4. Commit to practice, always
Inclusive language is critically important to help us change the status quo, which prevents true equality between people.
Periodically evaluate your company’s practices to create more effective communication and relationships among your workforce. Consider surveying all employees for their input, and decide how you’ll measure success; e.g. ensure that 95% of people surveyed say they feel communicated with effectively, enabled in productivity, and appreciate the positive work environment of the organization.
10 Steps to Use Inclusive Language
1. Write with intention
Be mindful of the words that you’re choosing. Ask yourself: Is there an alternative? Is there a more precise word that better describes what’s being talked about? You’ll likely find that there generally is, and it’ll make for stronger, more inclusive writing.
2. Remove problematic language
Create a list of problematic words. Then, find and remove them from your website or blog and rewrite your content. You can also write down the process to help you make your future audits more efficient.

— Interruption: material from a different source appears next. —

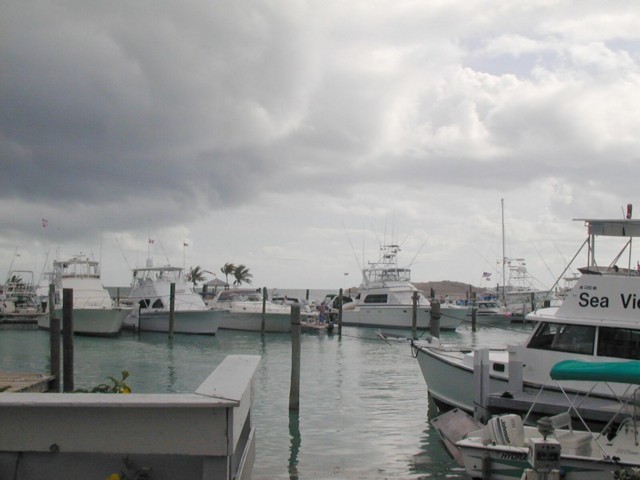 5900_15.jpg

3. Use gender-neutral pronouns
When relevant, use gender-neutral pronouns, like “they.” If you’re doing an interview or writing about a specific person, check-in with them about the pronouns they use, respectfully.
4. Use plain language
Plain language is direct, simple and straightforward. Leave out unnecessary or pretentious words, so the text is easy to understand. Avoid long sentences, jargon, and buzzwords. You can get more plain language tips in the resource section of this blog post.
5. Use people and identity-first language
Leave out descriptors or adjectives when describing others. Some people have reclaimed terms considered negative because they find them empowering. Some alternatives also don’t work and can actually be demeaning. In these cases, I always suggest checking in with people about the most respected terms.
6. Avoid idioms
Idioms are generally specific to a given culture and can have unsettling origins. Do a Google search on any idiom you want to use. It may have discriminatory meanings that you were not aware of. If you find that’s the case, don’t use it.
7. Focus on benefits
When writing about your product or service, focus on the benefits. Show your audience how their lives will improve with what you’re offering. Your products or services should help lots of different people. This will make your message resonate with a lot more people.
8. Use alt text
Add alt text to images on the web. This allows screen readers to read text that gives the user context around what the image is about. There are specific best practices around writing alt text. I’ve included a guide in the resource section of this blog post.
9. Use descriptive links
Don’t use “click here” or “click this link”. People who use screen readers need more context about the link they’re clicking on. Be specific and make sure the link describes the action the user is about to take. For example: Learn more about bank accounts.
10. Guide your user
Make your content scannable by using descriptive headings. Space out your paragraphs to create smaller blocks of text. For content on the web, make sure to use the appropriate headings to help all users understand the hierarchy of your content. It also helps screen reader users navigate through your website.
I hope with these tips that you’re feeling more confident about using Inclusive Language.
Use this checklist to apply what you’ve learned.
- Am I using any problematic words or phrases?
- Is my content easy to read and understand?
- Have I used jargon or idioms that may not be accessible to a wider audience?
- Is my content free from generalizations based on my own experiences?
- Have I left anyone out?
- Does this content serve my audience?